Mr. President and Gentlemen, of the Union League Club of Chicago — On this anniversary of the birth of one of the greatest and purest men that ever lived it seems especially appropriate to consider the subject assigned me and endeavor to determine, at least in our own minds, what is an honest dollar. We have with us a large class of citizens who argue that a piece of paper stamped by the Government is an honest dollar. Clearly this is not true, for it is good for a dollar only so long as the Government has the ability and inclination to pay. There is still another class who would have us believe that 371 grains of silver coined by the Government and stamped as a dollar is an honest one; but the real fact is that it costs less than 50 cents to produce these grains of silver, and therefore one-half of its value depends upon the Government stamp.

An honest dollar is that which it costs 100 cents to produce and which, melted down in the refining pot, will bring a dollar in any of the commercial markets of the world. Anything is a sham and a cheat.
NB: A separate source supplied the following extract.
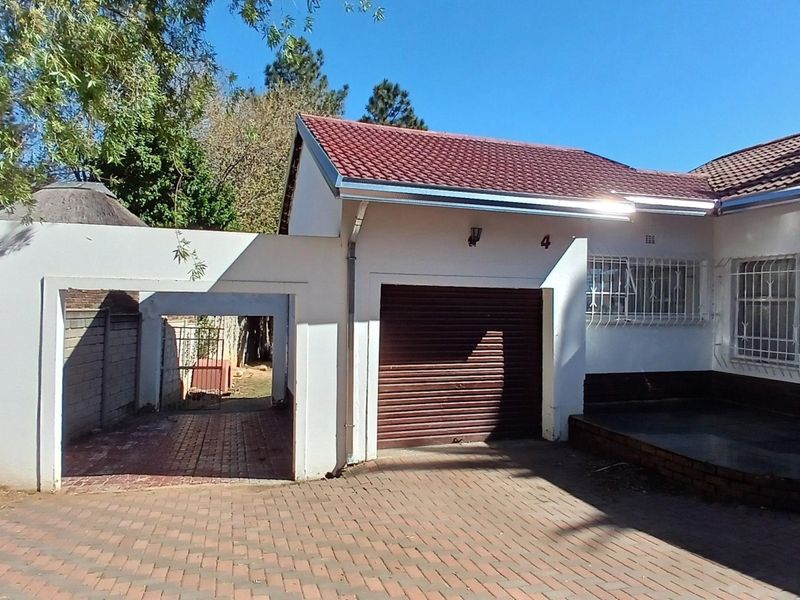 Front exterior view of the property featuring a paved driveway, a single garage with a roller shutter door, and an attached carport.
It has been a favorite pastime with kings and governments, especially when in financial distress, to issue from time to time printed bits of paper which they stamped as worth a dollar and compelled their subjects to receive, so far as the law could compel them to, in payment of debts and or sale of property, and thereby fancied they were either creating wealth else cheating their subjects. But there never has been such a case where the government or its people did not get into trouble unless such paper was speedily redeemed.

This country in its early days had a disastrous experience with paper money. In the six years from 1775 to 1781 the Continental Congress issued $500,000,000 of paper money. This issue of paper was bolstered up by every device that the human mind could invent. Imprisonment, forfeiture of property, banishment, awaited the unlucky citizen that did not receive it


in payment of debts or for the sale of goody. Appeals were made to his fears and his patriotism, but, in spite of all this, it kept falling steadily in value and led to an immense amount of wrong and dishonesty. Scoundrels and knaves seized upon the opportunity to pay their debts and liabilities with it, especially those to widows, orphans and estates, that could not escape.

Money that was Worthless.

The soldiers of the Revolution were paid off in it when a month's pay would not purchase a breakfast for one of those poor fellows. Finally it sank so low that by common consent it was entirely repudiated. In Philadelphia, then the seat of government, its end was celebrated by a public procession in the streets, led by a dog covered with a coat of tar, and instead of the usual coat of feathers they used Continental money. Public credit and public honor were debauched and the moral standard of the Nation probably never was so low as at that time. Among the letters written by the distinguished man whose birth we meet to celebrate was one in 1781 to his overseer, complaining of how he had been wronged and cheated by people paying him in Continental money that was worthless and which nobody would receive if he could avoid it.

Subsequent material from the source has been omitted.